La nomina a dg da parte del Consiglio Superiore è arrivata dopo anni spesi per un’Unione bancaria più efficiente ed equa, nella quale l’Italia non fosse sotto il giogo di altri Paesi. Ecco le lotte su npl, requisiti di capitale, titoli illiquidi e gestione delle crisi
di Francesco Ninfole

Fabio Panetta potrebbe diventare da maggio direttore generale della Banca d’Italia (e presidente Ivass) dopo aver avuto un ruolo chiave negli ultimi anni nel migliorare i meccanismi dell’Unione bancaria e nel difendere l’economia italiana da chi voleva tenerla sotto controllo con misure estreme. È stato un periodo storico difficile per il Paese. L’Italia si è trovata in una situazione di debolezza legata ai postumi della crisi del debito sovrano del 2011, ai continui cambi di governo e soprattutto alla recessione più forte dal Dopoguerra, che ha fatto esplodere i crediti deteriorati nei bilanci delle banche. La crisi ha inoltre fatto riemergere i contrasti tra Paesi nell’Eurozona.

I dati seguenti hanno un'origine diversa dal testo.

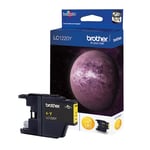 Brother LC-1220Y inkt cartridge geel (origineel)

Panetta, vice dg di Via Nazionale dal 2012, ha vissuto questi anni in una posizione delicata: dopo una vita passata nella politica monetaria, ha iniziato a occuparsi di supervisione nel 2014, diventando il primo esponente della Banca d’Italia nel Consiglio di Vigilanza della Bce. Questo nuovo organismo, nato quell’anno con l’Unione bancaria, ha avuto sin dall’inizio un’impostazione severa sui crediti deteriorati e sui titoli di Stato. Spesso è stato anche un modo per tenere al guinzaglio l’osservato speciale dell’Eurozona. Il Paese con il più alto debito pubblico, con la crescita più bassa e con il maggiore ammontare di non-performing loans. L’Italia, ovviamente. La Vigilanza guidata dalla francese Danièle Nouy e dalla vicepresidente tedesca Sabine Lautenschlaeger, mentre stringeva i controlli su prestiti (l’attività tipica delle banche) e bond pubblici (tra i più liquidi e sicuri), dimenticava gli strumenti illiquidi, presenti in grande quantità nelle banche francesi e tedesche. Su questi temi Panetta non ha accettato di farsi mettere piedi in testa. È stato una voce fuori dal coro all’interno di un leitmotiv europeo che ha demonizzato l’attività creditizia e chiuso un occhio su quella speculativa, nonostante la lezione di Lehman Brothers. Peraltro l’omogeneità dei controlli è fondamentale per una equa riduzione dei rischi in vista di una loro condivisione nell’Unione bancaria. In caso contrario, Germania e Francia potrebbero condividere nell’Eurozona i problemi delle loro banche, dopo aver eliminato quelli negli istituti del Sud Europa. A lungo Panetta è stato l’unico a parlare di rischi di mercato e dei titoli di livello 2 e 3, analizzati in seguito dal Fmi e citati più volte dal presidente Bce Mario Draghi. Anche la Vigilanza ha iniziato a muovere i primi passi. Sui titoli di Stato, il banchiere centrale ha scritto un paper già nel 2014, evidenziando i problemi di eventuali strette normative.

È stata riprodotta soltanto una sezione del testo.